I'm wondering how I would be able to regression-test functions in my project (pgflow [0]) - it tracks a graph of state machines modeled in few tables. State is mutated only by calling few exposed SQL functions (task queue worker does it).
Given I can't enforce everything I need with check constraints and I try to avoid triggers if possible, I opted for only using exposed SQL API [1] for setting up state in my pgTAP tests.
It is imperative and harder to maintain, like scripts you described in the article, but really my only option, as I want to have maximum confidence level.
Does RegreSQL support some kind of init scripts or I would need to wire it myself and just run RegreSQL after the proper state is set? Would lose the "run once and get report on everything" benefit then :-(
[0] https://pgflow.dev/ [1] https://github.com/pgflow-dev/pgflow/blob/main/pkgs/core/sup...
Plus I have whole set of other requirements where RegreSQL suddenly seems to be a good solution.
And without sounding cliche - Thank you for the comment! This is exactly why I forced myself to go public and get this level of feedback.
I was postponing proper, dedicated performance testing for some time and would really love to up my game in that regard.
I'm very happy with pgTAP approach of running stuff in transaction and rolling them back after the test - how this works in RegreSQL?
Would love to provide feedback and test the hooks when you will be working on them. I'm mostly interested in performance testing and my use case would be to run them on CI and compare to previous metrics stored somewhere in order to fail CI when performance regressions are introduced.

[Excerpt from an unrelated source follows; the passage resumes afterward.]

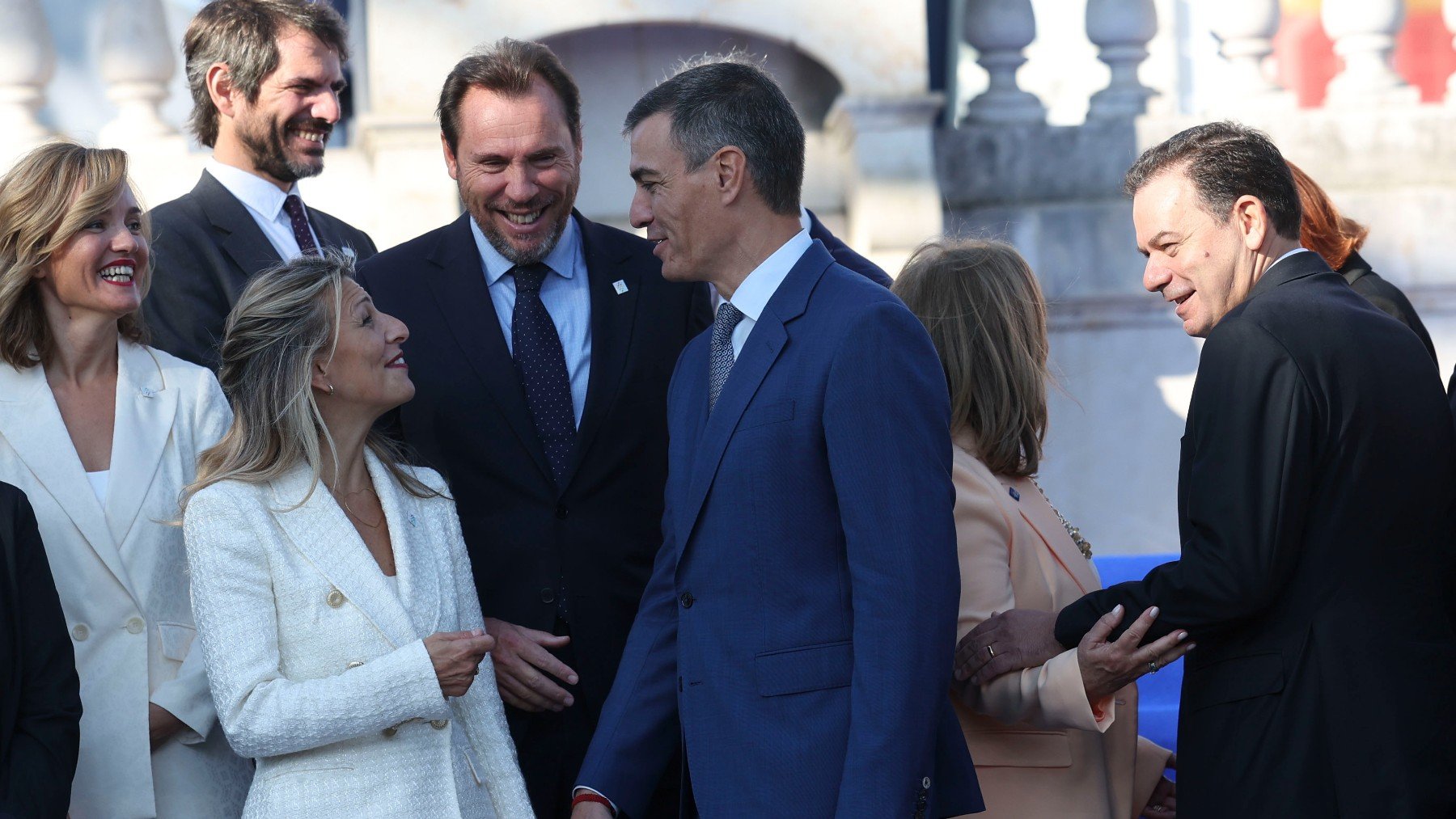 Pedro Sánchez conversa Yolanda Díaz y Óscar Puente, durante la fotografía de familia durante la XXXV Cumbre Luso-Española. (EFE)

Happy to connect, got contact info in my profile.
I will definitely reach out, just give me bit of time to mentally recover from the exposure and got some meet ups where I promised to deliver some presentations and they will consume a lot of my spare free time.
You can instruct postgres to raise exceptions using the same error code that constraints use: that way your clients do not need to know the difference.
That said, there ARE other places that would benefit from triggers (aggregate counts). I've avoided them because they're hot paths and I was worried about perf impact - relyi ng on pgTAP coverage instead.
Your defense-in-depth argument is solid though. I should revisit this and benchmark whether the safety is worth the perf cost. Something like RegreSQL would come in handy
So it would be nice if RegreSQL would support fixture hooks for those who like this route.
Would also be fun if you could support PGLite [0], that's what I've been using to write "unit" tests connected to a "real" database.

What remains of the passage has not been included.